The new PM wants a debate on social mobility and Brexit. 

This was the summer of the Phony Brexit. But on Wednesday, the new Tory cabinet emerged from their holiday hideaways to discuss how Britain will negotiate its exit from the EU. 

The new prime minister Theresa May is hosting a meeting that includes Brexiteers like David Davis, now minister for Brexit, Boris Johnson, the new Foreign secretary, and Liam Fox.

For now, their views on negotiations are taking place behind closed doors at the PM’s country retreat, Chequers. But here is what we know so far:

1. Talks won’t begin this year

May said in July that official negotiations would not start in 2016. Instead, she pledged to take the time to secure “a sensible and orderly departure”. 

2. But forget a second referendum

In her opening speech to cabinet, May said: “We must continue to be very clear that ‘Brexit means Brexit’, that we’re going to make a success of it. That means there’s no second referendum; no attempts to sort of stay in the EU by the back door; that we’re actually going to deliver on this.”

3. And Article 50 remains mysterious

A No.10 spokesman has confirmed that Parliament will “have its say” but did not clarify whether this would be before or after Article 50 is triggered.
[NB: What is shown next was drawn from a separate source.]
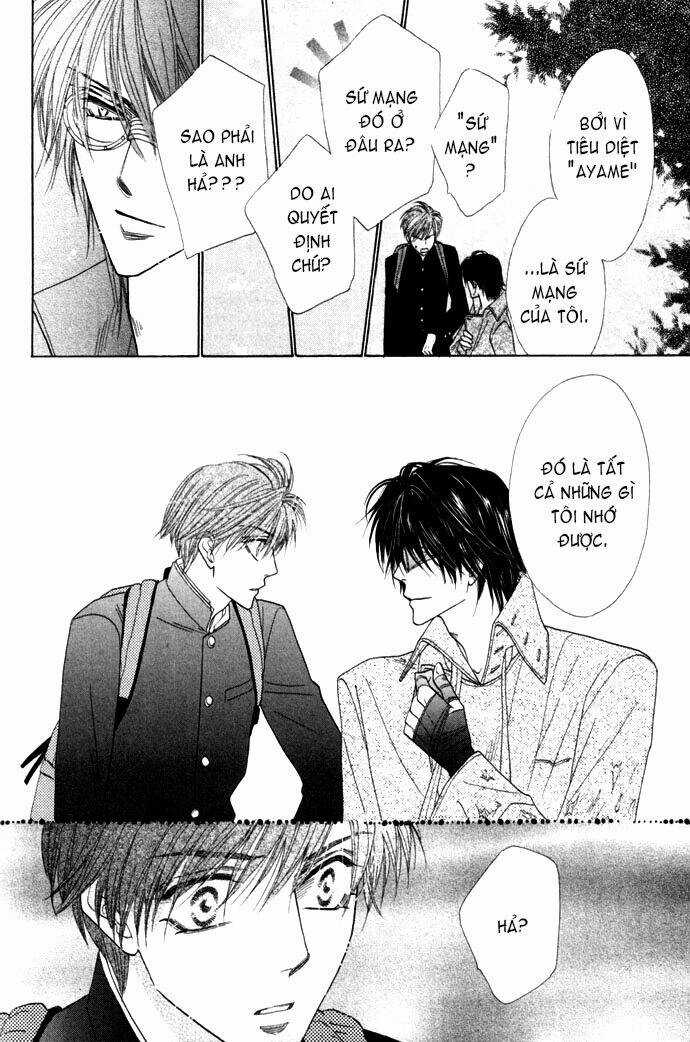 Kim Cương Bạc Chapter 9 trang 36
According to The Telegraph, May has been told she has the authority to invoke it without a vote in Parliament, although she has confirmed she will not do so this eyar.

4. The cabinet need to speak up

May’s “you break it, you fix it” approach to cabinet appointments means that key Brexiteers are now in charge of overseeing affected areas, such as farming and international relations. According to the BBC, the PM is asking each minister to report back on opportunities for their departments. 

5. Brexit comes with social mobility

As well as Brexit, May is discussing social reform with her cabinet. She told them: “We want to be a government and a country that works for everyone.” The PM already performed some social mobility of her own, when she ditched public school boy Chancellor George Osborne in favour of state school Philip Hammond. 

6. All eyes will be on DExEU

Davis, aka Brexit minister, heads up the Department for Exiting the EU, a new ministerial department. According to Oliver Ilott, from the Institute for Government, this department will be responsible for setting the ground rules across Whitehall. He  said: “DExEu needs to make sure that there is a shared understanding of the parameters of future negotiations before Whitehall departments go too far down their own rabbit holes.”

7. May wants to keep it friendly

The PM talked to Prime Minister Sipilä of Finland and Prime Minister Solberg of Norway on the morning of the cabinet meeting. She pledged Britain would "live up to our obligations" in the EU while it remained a member and "maintain a good relationship with the EU as well as individual European countries".

8. But everything's on the table

May also told the Finnish and Norwegian prime ministers that negotiators should consider what is going to work best for the UK and what is going to work for the European Union, rather than necessarily pursuing an existing model. This suggests she may not be aiming to join Norway in the European Economic Area. 

9. She gets on with Angela Merkel

While all 27 remaining EU countries will have a say in Brexit negotiations, Germany is Europe’s economic powerhouse. May’s first meeting appeared amiable, with the PM telling reporters: “We have two women here who have got on and had a very constructive discussion, two women who, I may say, get on with the job.” The German Chancellor responded: “Exactly. I completely agree with that.”

10. But less so with Francoise Hollande

The French president said Brexit negotiations should start “the sooner the better” and argued that freedom of labour could not be separated from other aspects of the single market. 

11. Britain wants to hold onto its EU banking passports

The “passporting system” which makes it easier for banks based in London to operate on the Continent, is now in jeopardy. We know the UK Government will be fighting to keep passports, because a paper on that very issue was accidentally shown to camera.